En este sentido, Fernando Peña cita una obra de Patricia Almarcegui también publicada por Fórcola, Los mitos del viaje: Estética y cultura viajeras, y escribe que en el Viaje a Oriente, novela de viajes, «encontramos la inmediatez de las notas tomadas al vuelo y en directo (…) combinadas con un ejercicio de memoria y narración inmediata producido durante las primeras semanas del regreso a Croisset, en un proceso que Patrica Almarcegui ha estudiado como “ficcionalización de la experiencia”.».
Continúa Peña afirmando «el interés de comparar las notas con el Viaje a Oriente para comprobar hasta qué punto actuaron el escritor testimonial, durante el viaje, y el escritor literario, en Croisset». Y la prueba más evidente de la manipulación literaria de los apuntes de viaje la encuentra en un relato genial, que se inserta del modo más caprichoso al comienzo del libro. Lleva por título A bordo de la canga. La canga es la embarcación que llevó a Flaubert y Du Camp de crucero por el Nilo. El juego literario consiste en que Flaubert escribe A bordo de la canga antes de que suceda, mientras recorre Francia para embarcarse hacia Egipto desde Marsella; sin embargo, en el seno del relato él está ya remontando las aguas del Nilo y recordando su infancia en Croisset, el viaje por Francia que lo conduce hasta Marsella, y también su primer viaje a esta ciudad, donde mantuvo la primera relación sexual. Se trata, por tanto, de una narración que imagina el futuro evocando el pasado.

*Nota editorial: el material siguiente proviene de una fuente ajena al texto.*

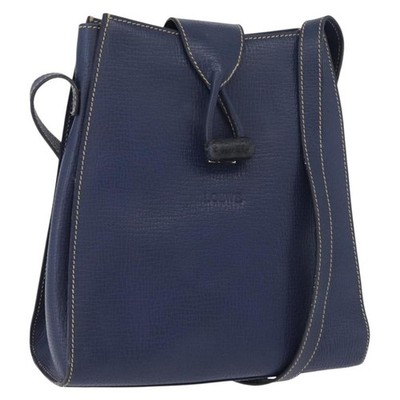 LOEWE Shoulder Bag Leather Navy Gold Auth ep13402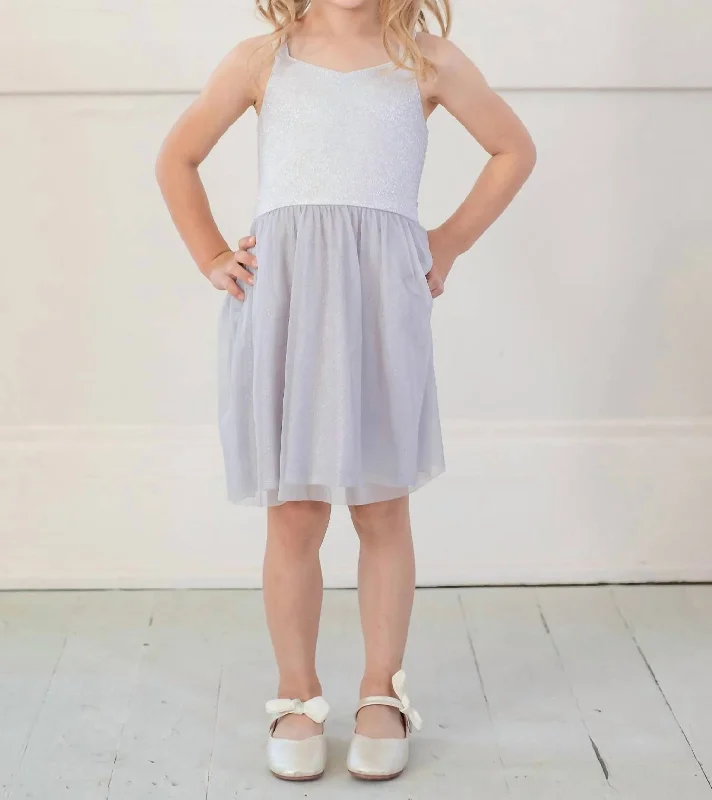 Pixie Dust Tulle Dress In Soft Grey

En este breve cuento está ya la sensación de libertad, de dominio de la literatura que estalla con fulgor en Madame Bovary, cuando Flaubert comienza a escribirla el 19 de septiembre de 1851, a dos días del comienzo del otoño. Antes, durante todo el verano, ha morado en Egipto, en Tierra Santa, en Siria, en Grecia y en Italia con la imaginación: ha vuelto a viajar en sueños a los lugares donde habitó durante casi dos años. En definitiva, lo que ha hecho es soñar lo vivido; porque, al fin y al cabo, ¿no es escribir narrativa soñar despierto?